Monday, February 21, 2011

What I Learned From the Crawfish

Normally I blog about making visual art or music rather than other creative enterprises, but today...well, you'll see.

On Friday I couldn't resist buying a bag of frozen crawfish at the local supermarket.  Whole cooked crawfish, in Cajun spices, 5 pounds for $7.99. From Texas.  Such a deal!  I was really excited because I really like crawfish and was really enthusiastic about cooking some. (Don't start laughing yet.)

So, we are in the middle of replacing the windows in our house and my job is sanding and preparing the window sills while J.A. stains and finishes the new sashes.  Hence our kitchen is a mess and not really fit to cook anything in.  AND, we'd spent the weekend at a Scandinavian dance and music workshop, so we'd already been plenty creative.  But, last evening after we got home from the workshop I decided to get involved with the crawfish, cleaned up a corner to work in, and started in on making an etoufee.

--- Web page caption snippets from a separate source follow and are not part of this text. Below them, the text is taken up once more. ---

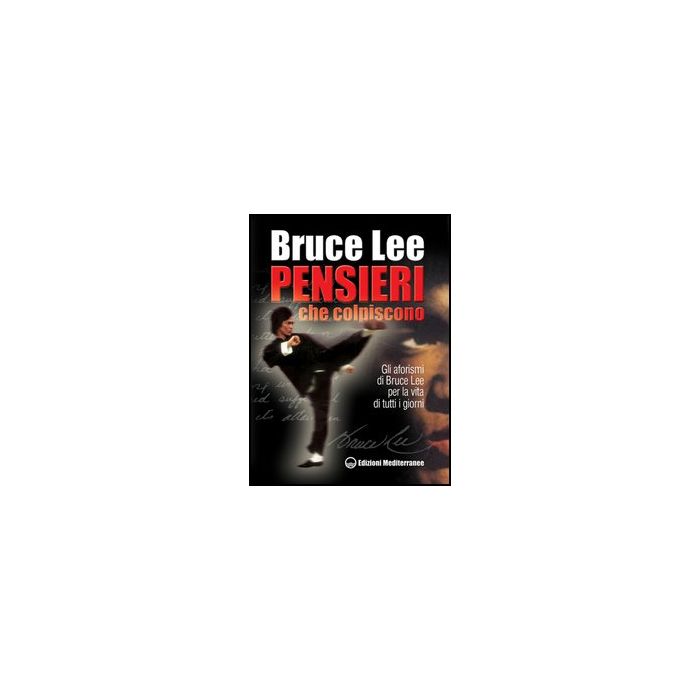Pensieri Che Colpiscono. Gli Aforismi Di Bruce Lee Per La Vita Di Tutti I Giorni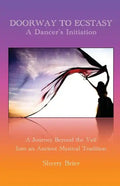 Doorway to Ecstasy: A Dancer's Initiation - Paperback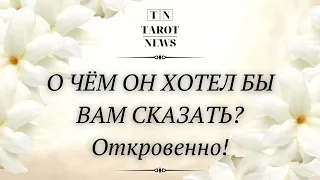 О ЧЁМ ОН ХОТЕЛ БЫ ВАМ СКАЗАТЬ? ОТКРОВЕННО! | гадание таро | онлайн таро |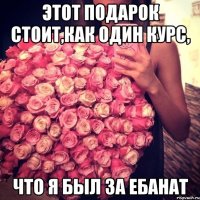 этот подарок стоит,как один курс, что я был за ебанат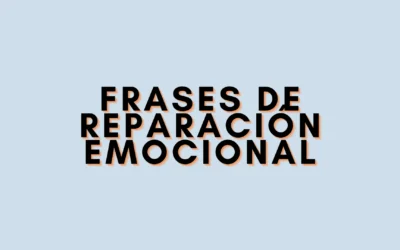 Frases de reparación emocional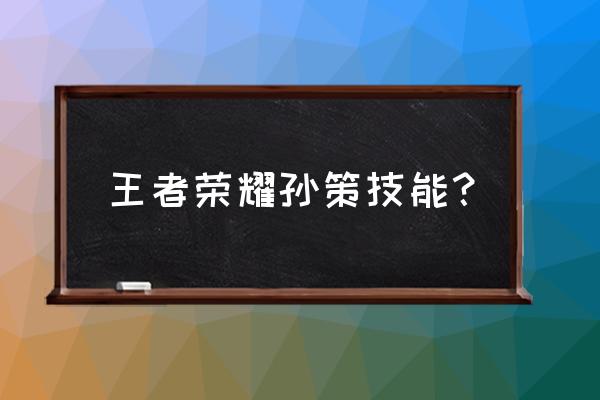 孙策技能介绍 王者荣耀孙策技能？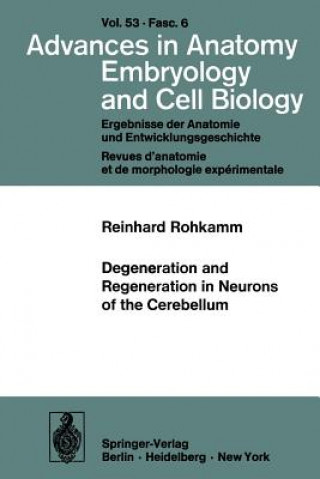 Carte Degeneration and Regeneration in Neurons of the Cerebellum Reinhard Rohkamm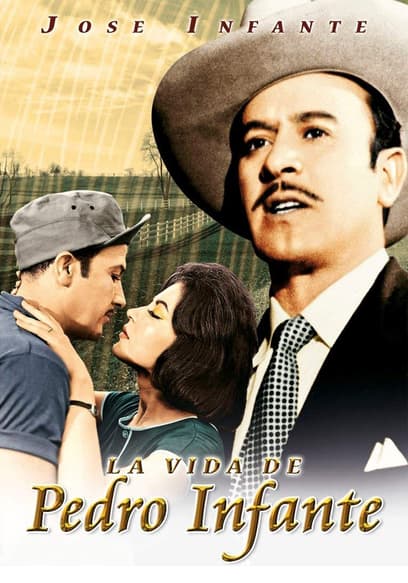 La Vida De Pedro Infante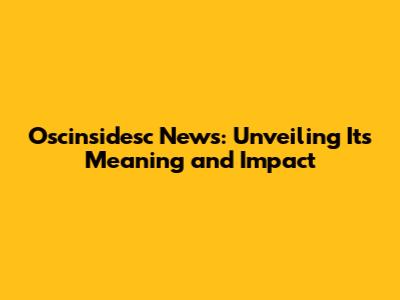 Oscinsidesc News: Unveiling Its Meaning and Impact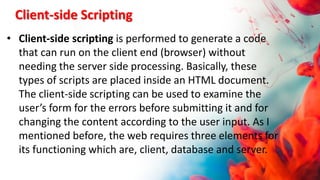 Client-side Scripting
• Client-side scripting is performed to generate a code
that can run on the client end (browser) without
needing the server side processing. Basically, these
types of scripts are placed inside an HTML document.
The client-side scripting can be used to examine the
user’s form for the errors before submitting it and for
changing the content according to the user input. As I
mentioned before, the web requires three elements for
its functioning which are, client, database and server.
 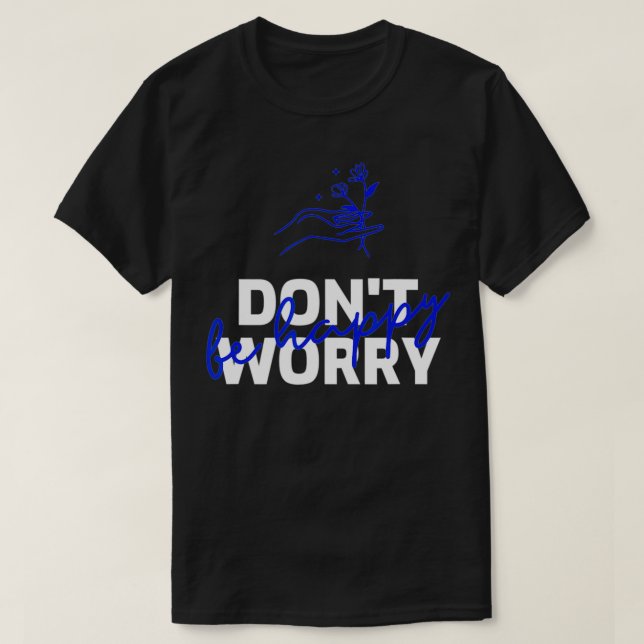 Happiness Inspirational Saying Gift  T-Shirt (Design Front)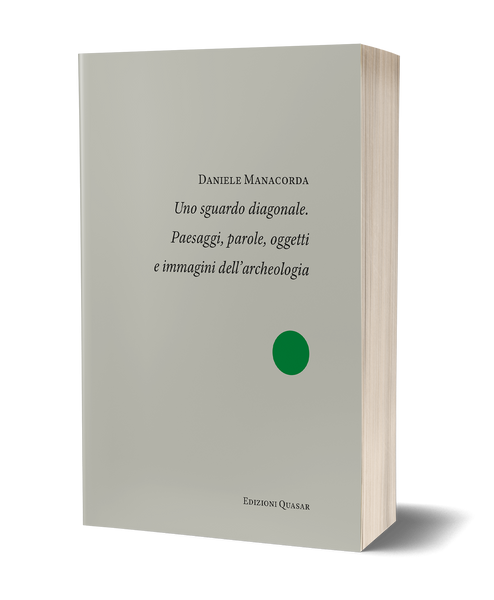 Uno sguardo diagonale. Paesaggi, parole, oggetti e immagini dell’archeologia
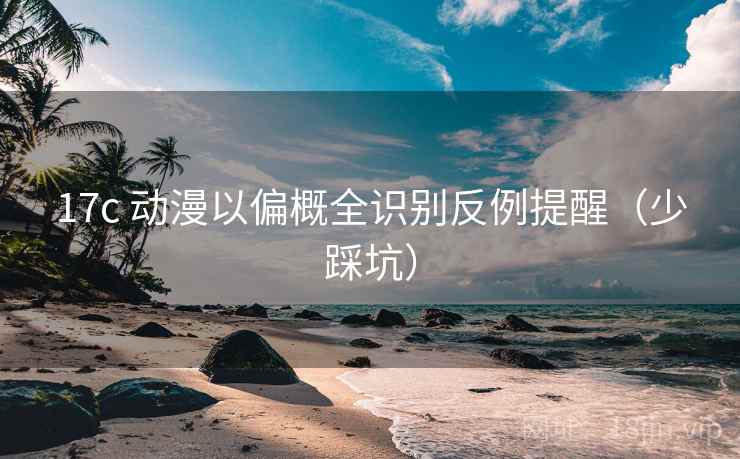 17c 动漫以偏概全识别反例提醒（少踩坑）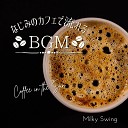 Milky Swing - Barista Blues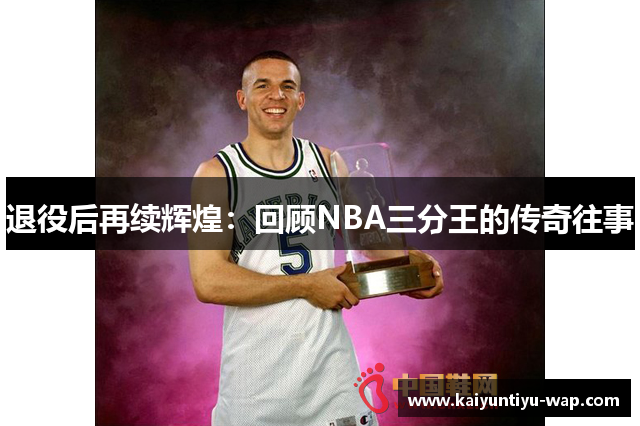 退役后再续辉煌：回顾NBA三分王的传奇往事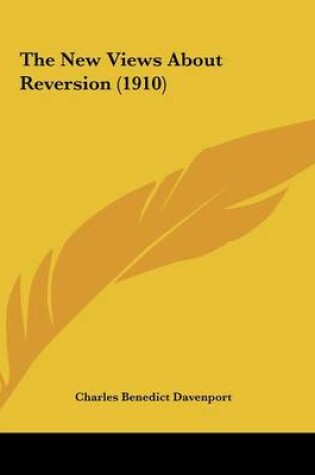 Cover of The New Views About Reversion (1910)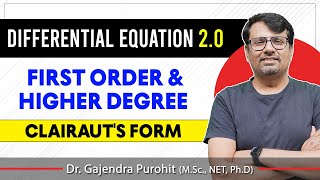 Differential Equation  Clairauts Equation  First Order amp Higher Degree  By GP Sir [upl. by Aihsikal]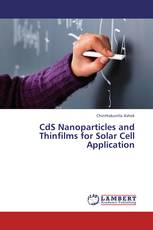 CdS Nanoparticles and Thinfilms for Solar Cell Application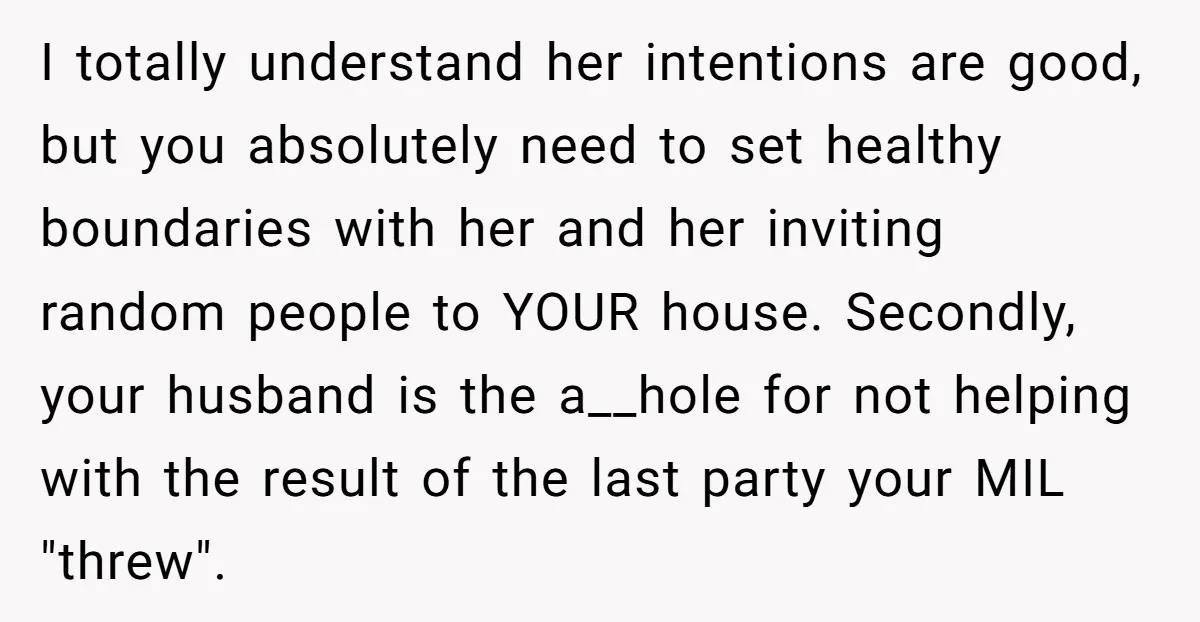 I totally understand her intentions are good, but you absolutely need to set healthy boundaries with her and her inviting random people to YOUR house. Secondly, your husband is the...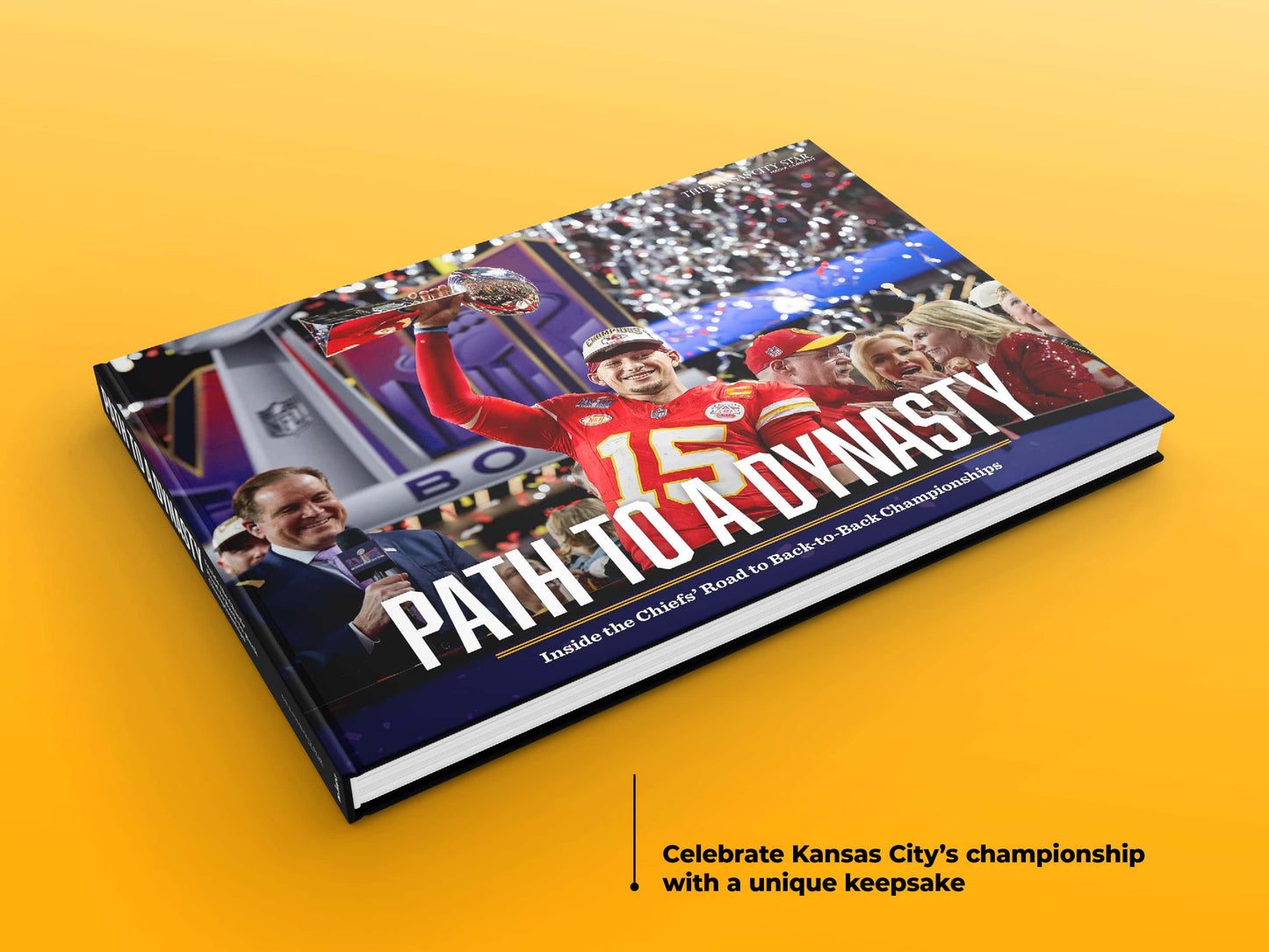 Path to a Dynasty: Inside the Chiefs’ Road to Back-to-Back Championships Book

Where do you begin?  You put the rice on.  You make a roux. Then you get the bag out of the freezer and open it.  Gulp.  Well, it did say whole crawfish.


My parents are from Louisiana, and I was born there, too.  I've eaten crawfish in Louisiana, in various forms, and I like it.  I've cooked etoufee before, but with langostino which is the closest thing we can usually get to crawfish here in California.  Langostino is always peeled and deveined, so you just pop it into the pot.  I was really looking forward to this, but I've never before encountered the whole beast and couldn't imagine that you would want to fish the whole thing (ha, ha) out of your gravy and take it apart at the table.  So I separated the heads and set them aside to make a bouillon and then I threw the tails into the etoufee. It was starting to look good, so I served it up and selected a nice light beer to go with.


J.A. was game for the challenge of removing the meat from the tails, and he really enjoyed the dish.  I found the etoufee gravy over rice to be scrumptious, but the crawfish meat had an aftertaste that I found less than appealing.  I'm not so sure I like the smell of the broth, either, but we'll reserve judgment about that.

Here's the math...I bought 5 pounds of crawfish for $7.99 (or $1.59 per pound).  Sounds pretty good, right? But, given that crawfish are about 80% head, that means that only about one pound of crawfish tails were in the bag.  We used about 1/4 of the bag for this experiment and the rest is destined to become fertilizer.  So if you look at the amount that was actually eaten (about 1/4 pound), that makes the actual cost more like $31.96 per pound. 

Considering you can buy frozen Louisiana crawfish tails (deveined and peeled, for goodness sake) on line for $16.99 per pound plus shipping, there may be a moral here somewhere about impulse purchases.

On the other hand...
  • we got an evening's entertainment out of it;
  • we affirmed our spirit of adventure;
  • I have a husband who loves me and is amused rather than upset by cooking misadventures;
  • nothing ventured, nothing gained...would you rather have tried and failed or would you rather never take a risk?
  • for every good creation there are any number of failed experiments, but we learn from each endeavor.